Ce samedi à 16 heures, une réunion publique organisée par des citoyens se tiendra à l'espace Paulhan afin d'informer sur ce qui est connu du projet. La mairie signale bien qu'elle n'est pas à l'initiative de la rencontre. Le même jour, à Banières Haut, le syndicat des forestiers privés organisera un grand jeu dans le cadre la Journée internationale des forêts.

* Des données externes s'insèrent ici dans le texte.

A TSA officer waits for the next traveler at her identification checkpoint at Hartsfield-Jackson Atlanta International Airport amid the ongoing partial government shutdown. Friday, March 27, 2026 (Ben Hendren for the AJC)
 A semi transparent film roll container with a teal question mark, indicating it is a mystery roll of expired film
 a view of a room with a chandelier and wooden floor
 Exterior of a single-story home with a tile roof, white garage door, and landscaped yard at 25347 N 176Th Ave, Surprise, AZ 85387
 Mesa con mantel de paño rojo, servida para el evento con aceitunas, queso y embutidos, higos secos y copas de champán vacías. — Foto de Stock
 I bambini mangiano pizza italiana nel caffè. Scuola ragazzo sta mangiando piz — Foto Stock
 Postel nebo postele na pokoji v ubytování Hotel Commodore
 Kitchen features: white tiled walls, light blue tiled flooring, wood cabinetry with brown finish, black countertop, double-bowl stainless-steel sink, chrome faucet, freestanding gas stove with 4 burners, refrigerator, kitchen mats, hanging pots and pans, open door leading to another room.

33 prétendants au rachat en trois ans
Les vendeurs, qui ne souhaitent plus intervenir dans le débat, précisent tout de même plusieurs choses par voie de mail. Si la somme de 550 000 € est celle payée par la Légion, elle comprend des frais que n'encaissent pas les anciens propriétaires à l'occasion de la vente. Enfin, la date de commission d'attribution pouvait laisser supposer que la vente s'est inscrite dans une urgence. Or, il n'en est rien précisent le couple vendeur : "Cette propriété est en vente depuis trois ans par le biais de la Safer et de Relance, antenne de la Chambre d'agriculture du Gard, et donc à disposition de quiconque souhaitait l'acquérir. Trois ans pendant lesquels nous avons œuvré à une transmission, accueilli 33 prétendants à l'installation, qui, pour des raisons qui leur appartiennent, ne sont pas parvenus à faire le pas qu'il y a 35 ans nous avons osé. Tenir des bâtiments et des terres en état est exigeant, rappellent les éleveurs de brebis désormais à la retraite, défi que la Légion étrangère a décidé de relever en occupant les lieux et en partageant avec des paysans. Nous souhaitons à présent, et pensons y avoir droit, prendre un repos amplement nécessaire après toute une vie paysanne."
François Desmeures
francois.desmeures@objectifgard.com
* L'ensemble du 2e Régiment étranger d'infanterie était injoignable ce mercredi, pour cause d'entraînement en extérieur.